I’ve isolated and put in bold the money quote for effect; by all means go look at the context if you are suspicious. But I really don’t think he is saying that with irony.

14 Responses to “Krugman Once Again Pines for the Bubbly”

  1. Dan says:

    I think Krugman is losing it. He has been talking about deflation for the past two years and now sees the data turning. He has given enough wiggle room in the past to explain the uptick and even gloat that it was all because of keynesian policies. The only thing he won’t be able to explain is the soaring prices we are going to see because of this fed induced boom. By the end of the year he will be completely discredited to all but the most loyal Krugman followers. I did see Krugman talked about “minimal” inflation and didn’t mention deflation at all. He will probably start coming up with ways to try and claim the inflation has nothing to do with printing money but he hasn’t talked about soaring prices as even a possibility yet. He can only try and come up with explanations and denials when inflation is obvious and who will take him seriously at that point.

    How long before Mish sees deflation is a fairytale?

  2. Jonathan M. F. Catalán says:

    It also goes to show that he really has absolutely no idea on what a bubble consists of—I mean, even in a Keynesian way. If high housing prices were caused by irrational exuberance, wouldn’t irrational exuberance be necessary to recreate those prices, and then wouldn’t we just be on the same boat?

  3. Daniel Kuehn says:

    Are you under the impression he wants bubble-era levels of construction? You seem to have to read an awful lot between the lines to use this against him I think. I read it as:

    “Growth is improving, but it’s not going to be as high as it was – because it was a bubble

    That’s what I get out of this – what’s wrong with saying that? I like your posting Bob – I’ve been following you regularly now. But on Krugman I really think you’re just looking for a fight

    • Daniel Kuehn says:

      In other words – he seems to be managing expectations, not pining for the bubble. I don’t see anywhere where he says it oughta be at bubble levels (do you? could you point that out?).
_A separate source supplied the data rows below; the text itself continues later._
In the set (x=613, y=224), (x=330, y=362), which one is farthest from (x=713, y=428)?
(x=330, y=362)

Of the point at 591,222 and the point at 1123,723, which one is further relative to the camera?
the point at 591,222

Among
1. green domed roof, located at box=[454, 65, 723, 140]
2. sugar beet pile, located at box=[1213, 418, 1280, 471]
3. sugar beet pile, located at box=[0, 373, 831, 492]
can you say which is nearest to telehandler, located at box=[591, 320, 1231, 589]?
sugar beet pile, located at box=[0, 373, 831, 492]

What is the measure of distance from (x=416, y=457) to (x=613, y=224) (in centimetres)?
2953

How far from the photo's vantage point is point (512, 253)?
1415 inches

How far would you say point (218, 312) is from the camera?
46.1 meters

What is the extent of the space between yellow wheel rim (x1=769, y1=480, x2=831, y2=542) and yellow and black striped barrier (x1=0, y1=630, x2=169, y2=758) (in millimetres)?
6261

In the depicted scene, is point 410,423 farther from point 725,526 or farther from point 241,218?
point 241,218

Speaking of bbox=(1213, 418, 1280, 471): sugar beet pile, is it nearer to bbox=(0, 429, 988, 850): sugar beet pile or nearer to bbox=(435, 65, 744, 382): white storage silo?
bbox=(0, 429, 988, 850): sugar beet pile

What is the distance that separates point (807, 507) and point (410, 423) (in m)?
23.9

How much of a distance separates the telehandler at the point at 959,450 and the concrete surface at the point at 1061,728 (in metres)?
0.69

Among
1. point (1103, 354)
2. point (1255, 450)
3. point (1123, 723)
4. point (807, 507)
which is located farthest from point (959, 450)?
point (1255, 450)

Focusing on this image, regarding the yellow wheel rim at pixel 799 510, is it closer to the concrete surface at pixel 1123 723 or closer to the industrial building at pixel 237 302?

      • Daniel Hewitt says:

        Daniel, here is Krugman explaining why he extrapolates from bubble levels:

        Whenever I draw a chart comparing actual growth with the pre-crisis trend, as I did in my last post, I get two kinds of complaints. Some readers complain that that’s not how you do it — that you have to draw a trend through the middle of the past scatter of points, not start at a business cycle peak. Others complain that a year like 2007, or 2000, is a bad choice because output was inflated by a bubble.

        ….

        It’s standard practice to assess economic trends with peak-to-peak interpolation, because the peaks are a reasonable estimate of the economy’s capacity, while other points on the business cycle don’t convey anything like that information.

        So I measure my trends from the last business cycle peak.

        • Daniel Kuehn says:

          Keep in mind that’s GDP he’s talking about – not housing construction.

          I think there’s a big difference between saying “during the peak of economic cycles when resources are fully employed, this about approximates a full employment economy” and saying “housing construction and consumer credit should be what they were in that peak”.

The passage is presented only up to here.